Advisory Director Grant Thornton Indonesia Marvin E. Camangeg mengungkapkan, melihat proyeksi pertumbuhan ekonomi global yang menghadapi kesulitan dalam memulihkan kembali perekonomian, perlu strategi yang tepat dalam menghadapinya. Kas menjadi ‘raja’ ketika pendapatan dan profitabilitas mencapai titik terendah. 

"Saat ini memang tingkat optimisme Indonesia lebih tinggi dibandingkan angka global dan Asia Pasifik dengan rata-rata sebesar 32-34%. Harapannya dengan banyaknya perusahaan yang terus membangun kapabilitasnya dan tergerak untuk go public menjadi salah satu penggerak pemulihan ekonomi di Indonesia," kata dia di Jakarta, Jumat (28/8).

Hal tersebut disampaikan pada webinar dengan tema 'Opsi Pendanaan Perusahaan untuk Melewati Masa Pandemi' bersama Bursa Efek Indonesia (BEI). Topik yang dibahas seputar bagaimana Grant Thornton (Gat) Indonesia bersama BEI melihat pentingnya manajemen keuangan/kas untuk menjaga likuiditas perusahaan selama masa pandemi Covid-19 ini. Itu karena dengan menjaga likuiditasnya, perusahaan mendapat keuntungan dalam memilih model pendanaannya di kemudian hari.

"Salah satunya adalah dengan menerbitkan obligasi atau dapat juga melalui go public yang dicanangkan oleh BEI," kata dia.

Pada webinar tersebut, Partner & Head of Assurance GT Indonesia Hanny Prasetyo juga memberi gambaran terhadap lima hal yang perlu dipikirkan dan dipersiapkan oleh perusahaan sebelum menerbitkan obligasi maupun go public.

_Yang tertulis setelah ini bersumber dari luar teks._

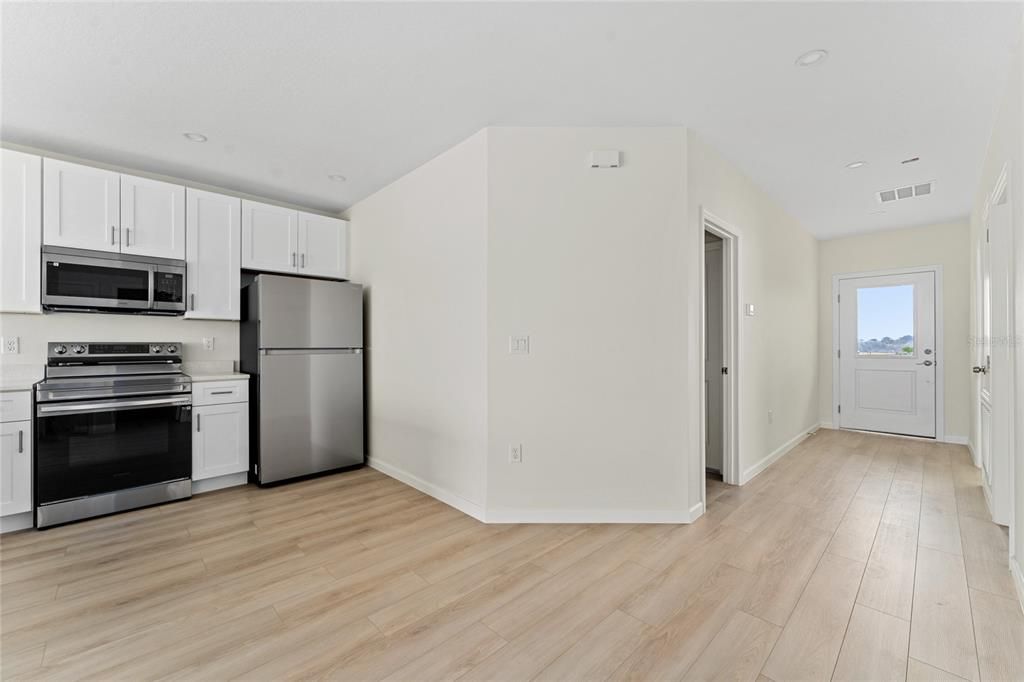 В аренду: $1,950 (3 спален, 2 ванн, 1148 Квадратных фут)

"Pertama laporan keuangan, kedua transaksi yang kompleks, ketiga ketepatan waktu, keemlat strategi, rencana bisnis dan proyeksi, serta, terakhir, uji tuntas dan valuasi," papar dia.

GT Indonesia, kata dia, sebelumnya juga sudah mengeluarkan Business Resilience Wheel yang menyebutkan pentingnya komunikasi yang baik dengan para pemangku kepentingan (stakeholders). Ini merupakan salah satu strategi bertahan suatu perusahaan dengan memiliki opsi pendanaan atau investasi. Hal ini juga termasuk pertanyaan terhadap penilaian diri untuk memungkinkan perusahaan membangun kemampuan di sekitar perkiraan dan pemantauan kas. 

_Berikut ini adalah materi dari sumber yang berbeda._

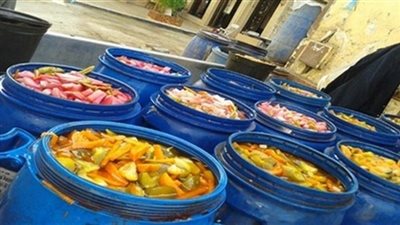 التحفظ على 3 طن مخللات غير صالحة للاستخدام الآدمي بدار السلام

"Saham dan obligasi masih menjadi bentuk investasi favorit yang dilirik investor. BEI mencatat total perusahaan di Indonesia sebanyak 699 yang memiliki saham dan 121 yang memiliki obligasi," ujar dia.

Hannyetyo menyebutkan, setidaknya terdapat tiga keuntungan utama dalam menerbitkan obligasi dari sisi investor. Tiga keuntungan itu adalah mendapatkan pendapatan bunga secara rutin, mendapat keuntungan atas penjualan obligasi (capital gain), dan juga memiliki risiko yang lebih rendah jika dibandingkan dengan saham.

"Di sinilah peran BEI sebagai sarana mempertemukan antara pihak yang membutuhkan dana dengan pihak yang membutuhkan sarana investasi pada produk keuangan (saham, obligasi, DIRE dan lain-lain). Salah satu opsi pendanaan dapat dilakukan melalui pasar modal dengan melibatkan investor publik," ujar dia.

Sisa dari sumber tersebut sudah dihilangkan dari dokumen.